Wednesday, May 9, 2012
The Nude Vampire
One pretty much knows what one is in for with a film titled The Nude Vampire, and Jean Rollin's second feature (his first in color) certainly delivers on the promise of stiff acting, absurd plotting, and blatantly exploitative sequences that offer little besides titillation. What's notable about this film, though, is that it's also sensuous, moody, chilling, and strangely poetic, a trashy B-movie with copious nudity that intermittently becomes something much stranger and more mysterious. It's a very visual film, its dialogue sparse, and what little there is of it mostly silly and inconsequential. It's the images that matter, images of a surreal, unsettling strangeness — unsettling because Rollin's aesthetic is so matter-of-fact, making the supernatural and the bizarre seem utterly quotidian.
The film's visual emphasis is confirmed right from its extraordinary opening sequence, in which it takes nearly ten minutes for anyone to say a word. Instead, Rollin simply delivers one mysterious, outrageous set piece after another. Cult scientists in red hoods strip a girl wearing a similar hood and inject her with color-coded chemicals that drip into beakers around the lab. The bright chemicals look like dyes prepared for Easter eggs more than scientific solutions, but no matter. The pacing is slow, almost narcotized, and Rollin cuts between steady, silent closeups: the red-hooded men, their eyes peering out through thin, ragged slits in their cloth hoods, the beakers and scientific equipment around the room, the girl's eyes peering out from behind her own hood. In the next scene, a girl (Caroline Cartier) in a gauzy orange dress, naked beneath the thin, translucent material, runs through the darkness, pursued by men in animal masks. This sequence is evocative and beautiful and creepy, the girl and her pursuers casting elongated shadows on the blank walls of the buildings, Rollin making excellent use of wide expanses of negative space with the girl trapped between these monstrous shadow-creatures. The deliberate pacing only adds to the creepiness of it all, with Rollin frequently cutting in inscrutable closeups of the men in their gaudy, sinister masks.

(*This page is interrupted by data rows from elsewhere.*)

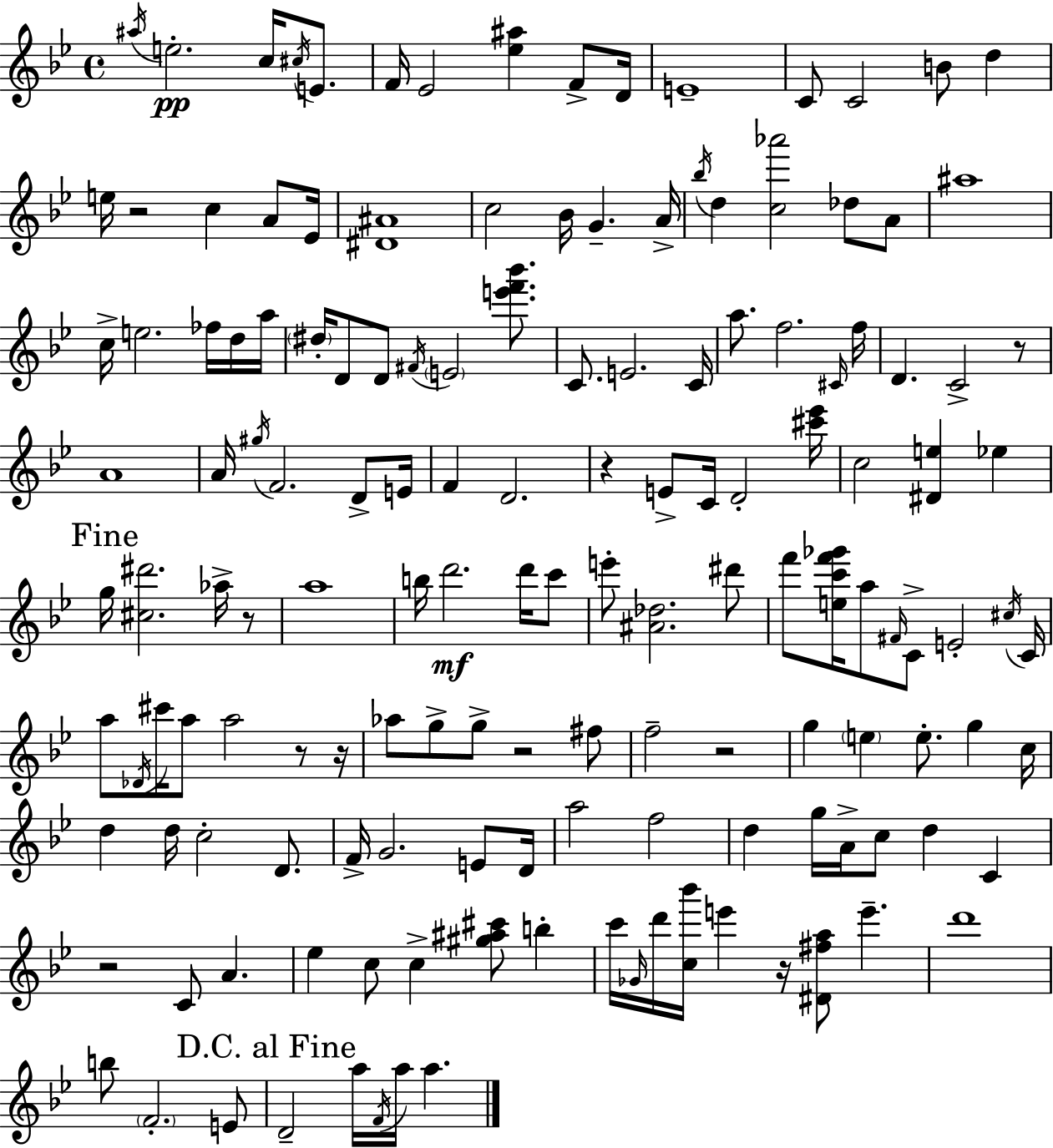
X:1
T:Untitled
M:4/4
L:1/4
K:Bb
^a/4 e2 c/4 ^c/4 E/2 F/4 _E2 [_e^a] F/2 D/4 E4 C/2 C2 B/2 d e/4 z2 c A/2 _E/4 [^D^A]4 c2 _B/4 G A/4 _b/4 d [c_a']2 _d/2 A/2 ^a4 c/4 e2 _f/4 d/4 a/4 ^d/4 D/2 D/2 ^F/4 E2 [e'f'_b']/2 C/2 E2 C/4 a/2 f2 ^C/4 f/4 D C2 z/2 A4 A/4 ^g/4 F2 D/2 E/4 F D2 z E/2 C/4 D2 [^c'_e']/4 c2 [^De] _e g/4 [^c^d']2 _a/4 z/2 a4 b/4 d'2 d'/4 c'/2 e'/2 [^A_d]2 ^d'/2 f'/2 [ec'f'_g']/4 a/2 ^F/4 C/2 E2 ^c/4 C/4 a/2 _D/4 ^c'/4 a/2 a2 z/2 z/4 _a/2 g/2 g/2 z2 ^f/2 f2 z2 g e e/2 g c/4 d d/4 c2 D/2 F/4 G2 E/2 D/4 a2 f2 d g/4 A/4 c/2 d C z2 C/2 A _e c/2 c [^g^a^c']/2 b c'/4 _G/4 d'/4 [c_b']/4 e' z/4 [^D^fa]/2 e' d'4 b/2 F2 E/2 D2 a/4 F/4 a/4 a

The girl is soon cornered by these masked men and shot, and the scene is witnessed by Pierre (Rollin's half-brother Olivier), who escapes and follows the masked men back to a mansion, which he decides to investigate. His inquiry leads him — in a sequence that prefigures Stanley Kubrick's Eyes Wide Shut — to a suicide cult that seems to be connected to his father Georges (Maurice Lemaître). The plot never even remotely makes any sense, but it doesn't really need to: Pierre just wanders around, stumbling into trouble, witnessing what seems to be a war between his father and some mysterious supernatural beings, who are struggling over control of the girl in orange, who's not dead, it turns out, because she's supposedly a vampire. There are countless absurdities along the way, like the fact that when Pierre calls his painter friend Robert (Pascal Fardoulis) for help, Robert first dresses up in a tuxedo before going to get his friend.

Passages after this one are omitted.